» **TASK GOAL**
Leaving out the pictures, write out exactly each line from the line with "Vintage silver-plated Kings" through the close of the listing below.
[SOURCE DATA Boundary: Start]
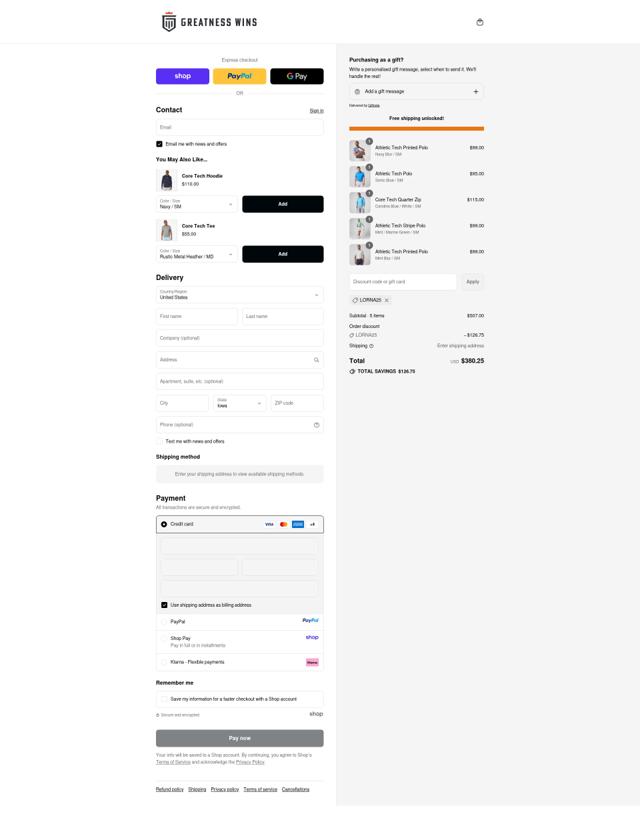 Greatness Wins checkout page showing Greatness Wins discount code box | Screenshot taken by SimplyCodes community member on Sep 12, 2025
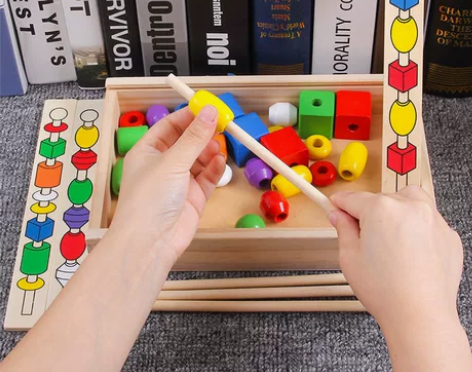 全新蒙台梭利智力串珠1-3岁儿童益智玩具三...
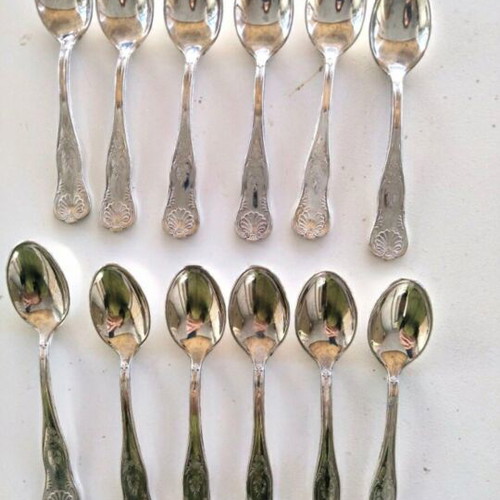 Vintage silver-plated Kings Pattern cutlery set, 50 pieces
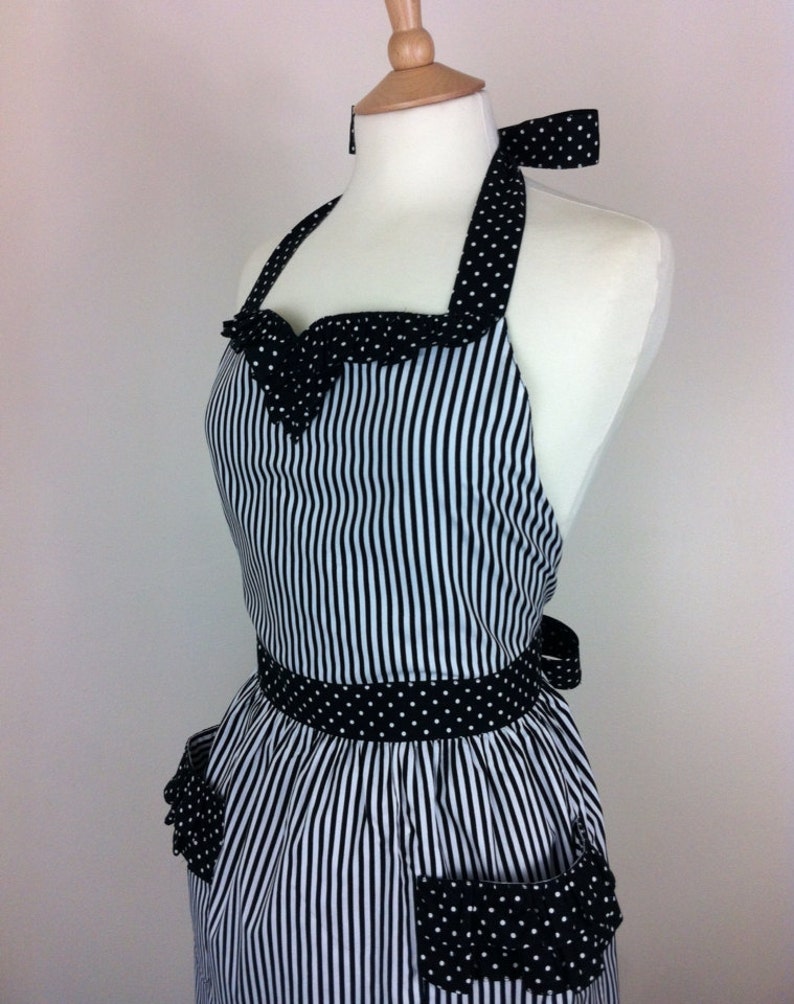 Cute Retro Apron With Curved Ruffle Black and White Striped Etsy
[SOURCE DATA Boundary: End]
» **ANSWER TO THIS PROBLEM**
 Vintage silver-plated Kings Pattern cutlery set, 50 pieces
 Cute Retro Apron With Curved Ruffle Black and White Striped Etsy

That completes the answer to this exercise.